Image-caption web data

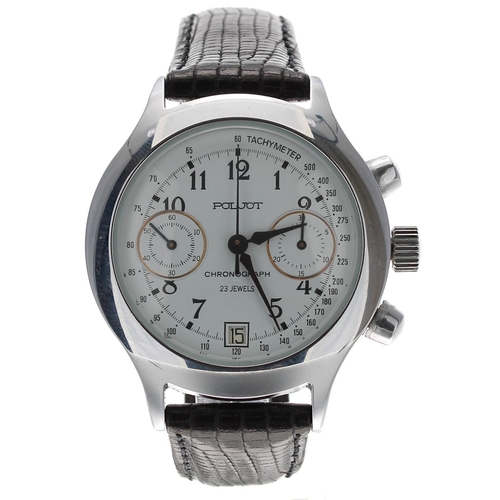 319 - Poljot Chronograph stainless steel gentleman's wristwatch, the white dial with Arabic numerals, tach... 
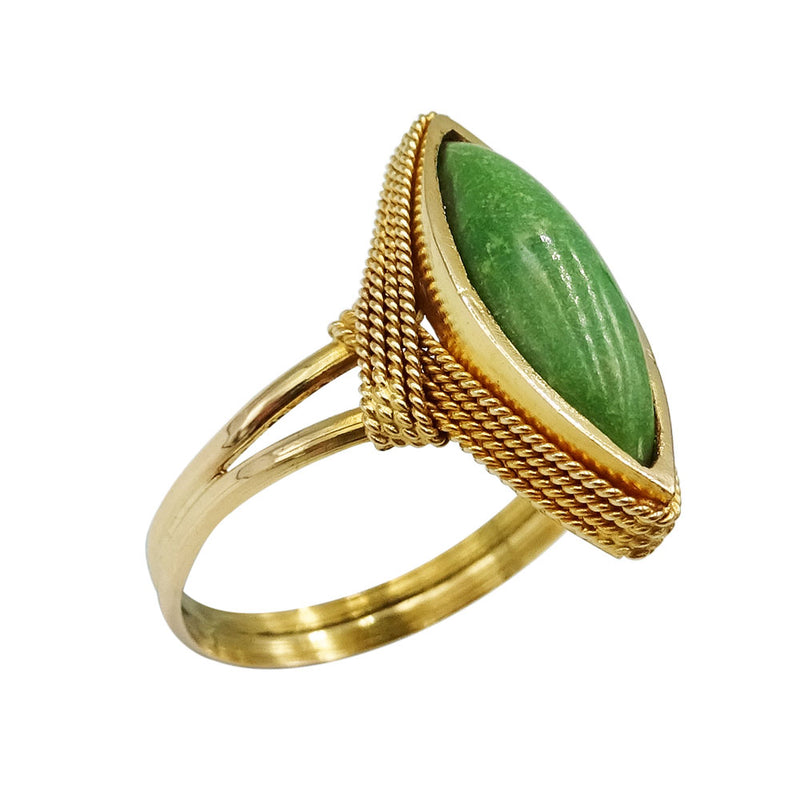 18ct Yellow Gold Green Stone Marquise Ring Size U 1/2 - Richard Miles Jewellers
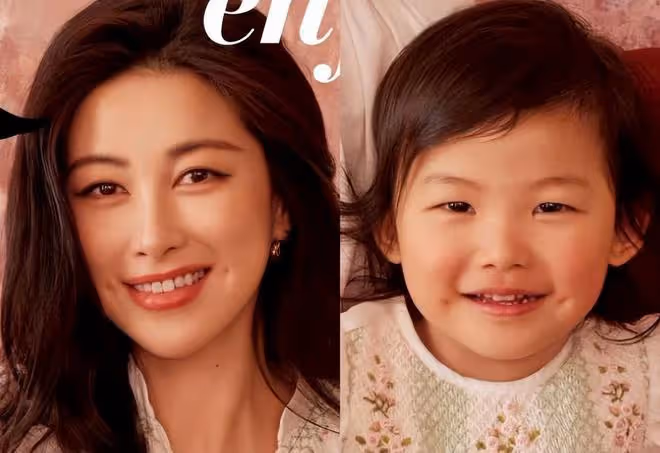 朱珠六一帶女兒拍雜誌，母女呈現招牌式梨渦笑，2歲王珠寶很可愛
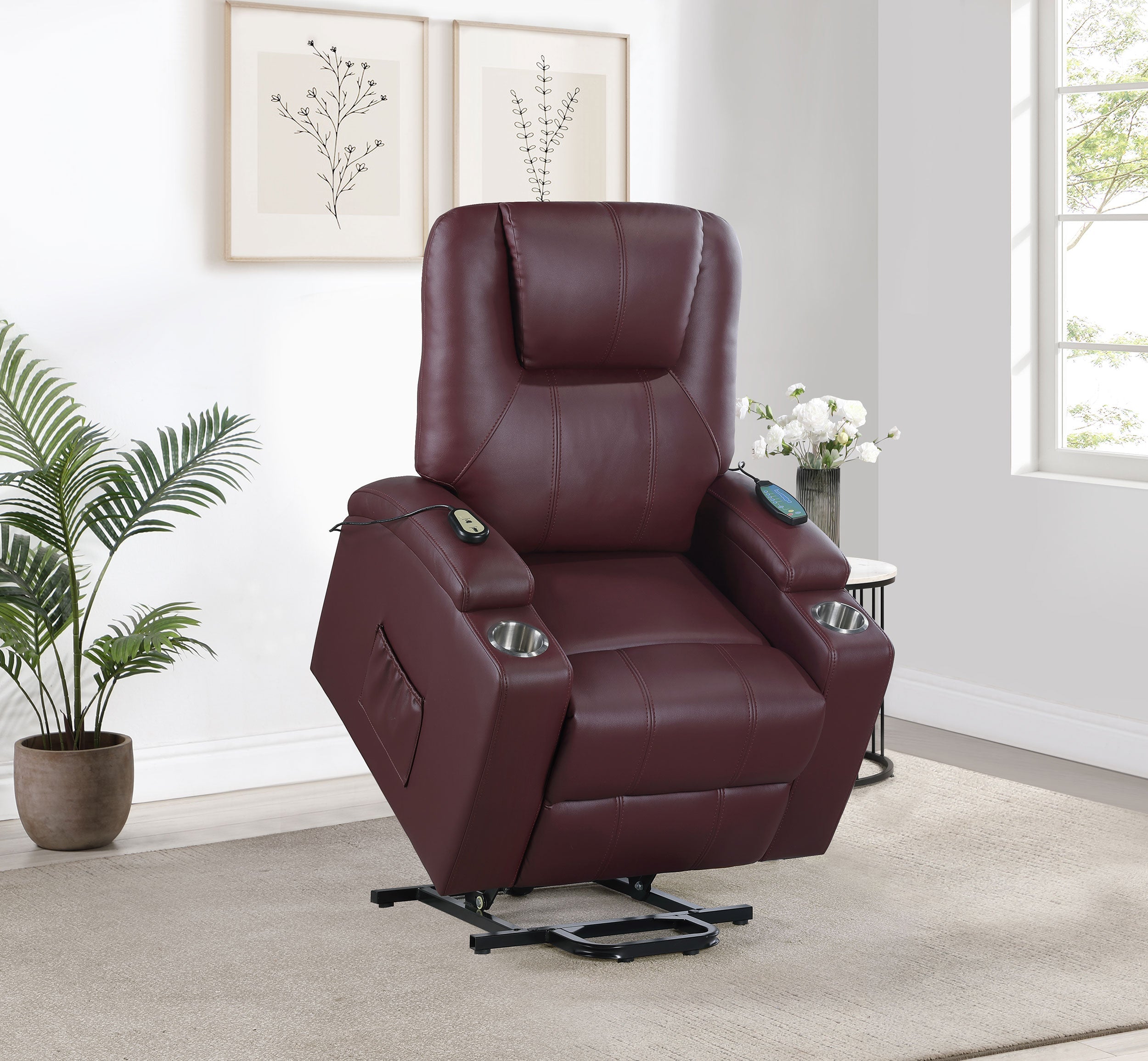 Armstrong Upholstered Power Lift Massage Recliner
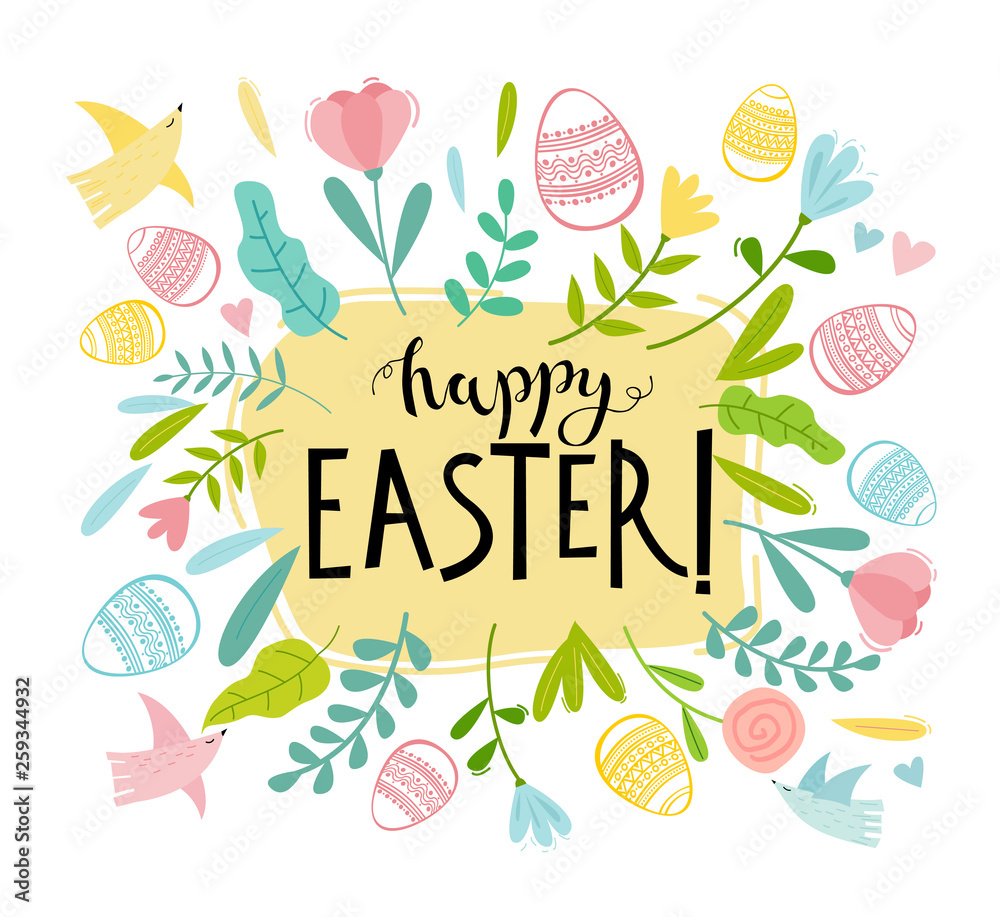 Naklejka premium Happy Easter card with decorative eggs and flowers frame. Hand drawn lettering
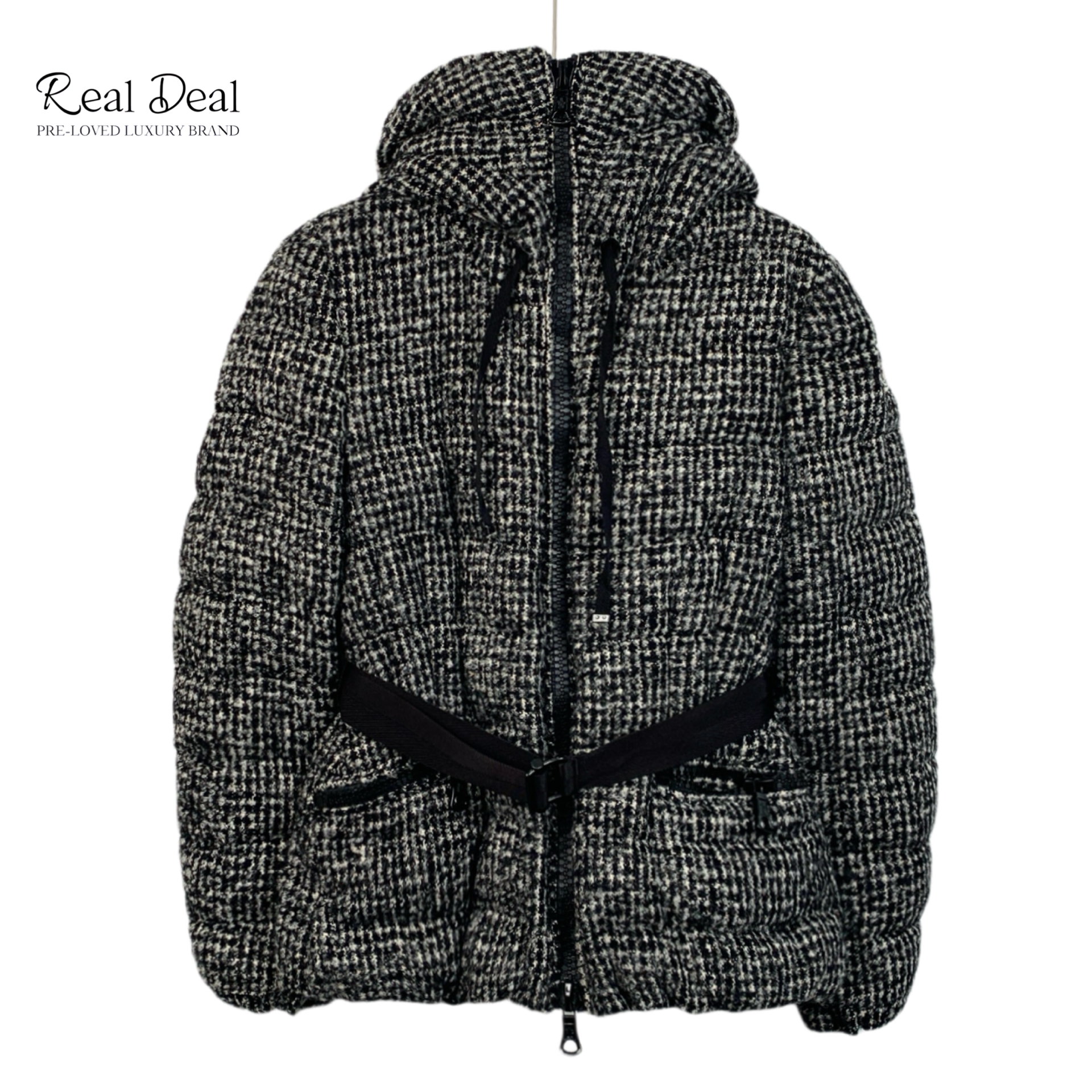 99新 MONCLER J12623 黑色羊毛千鸟格徽标贴饰连帽腰带款羽绒服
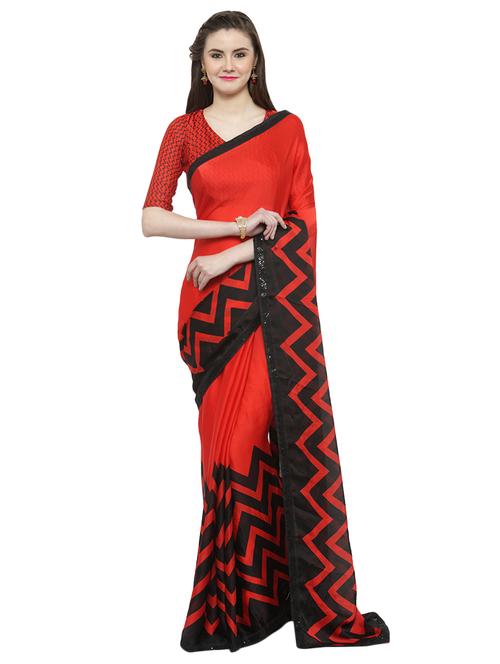 chevron printed saree with blouse - 16814148 - Very Small Image - 1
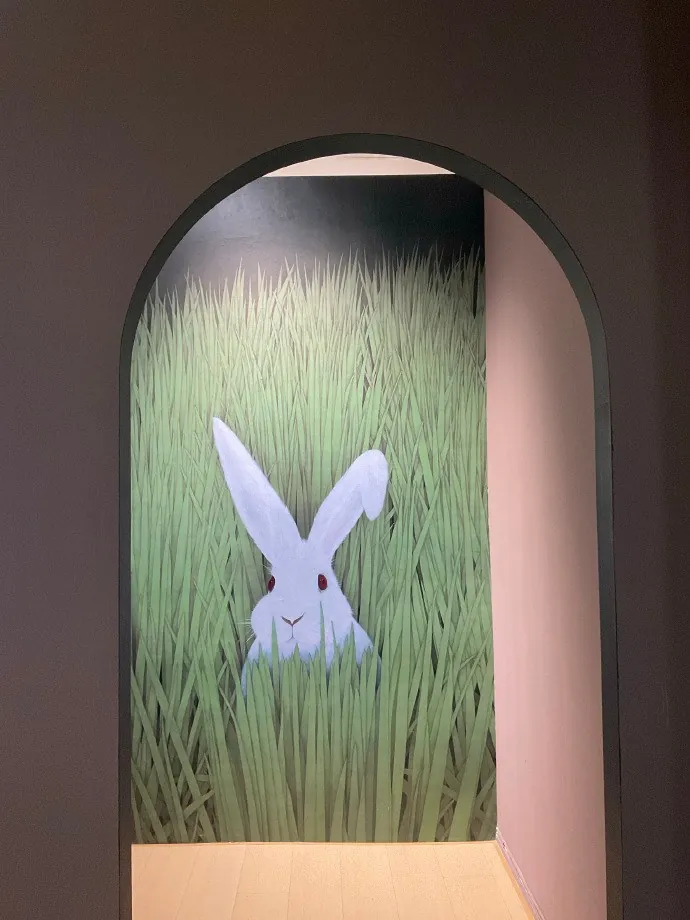 它说。拱形空间让展览入口显得柔和而集中。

• What is expected
With all pictures removed, reproduce the lines from the top of the entries above through the line containing "Armstrong Upholstered Power", exactly as written.

• Exercise result
 319 - Poljot Chronograph stainless steel gentleman's wristwatch, the white dial with Arabic numerals, tach... 
 18ct Yellow Gold Green Stone Marquise Ring Size U 1/2 - Richard Miles Jewellers
 朱珠六一帶女兒拍雜誌，母女呈現招牌式梨渦笑，2歲王珠寶很可愛
 Armstrong Upholstered Power Lift Massage Recliner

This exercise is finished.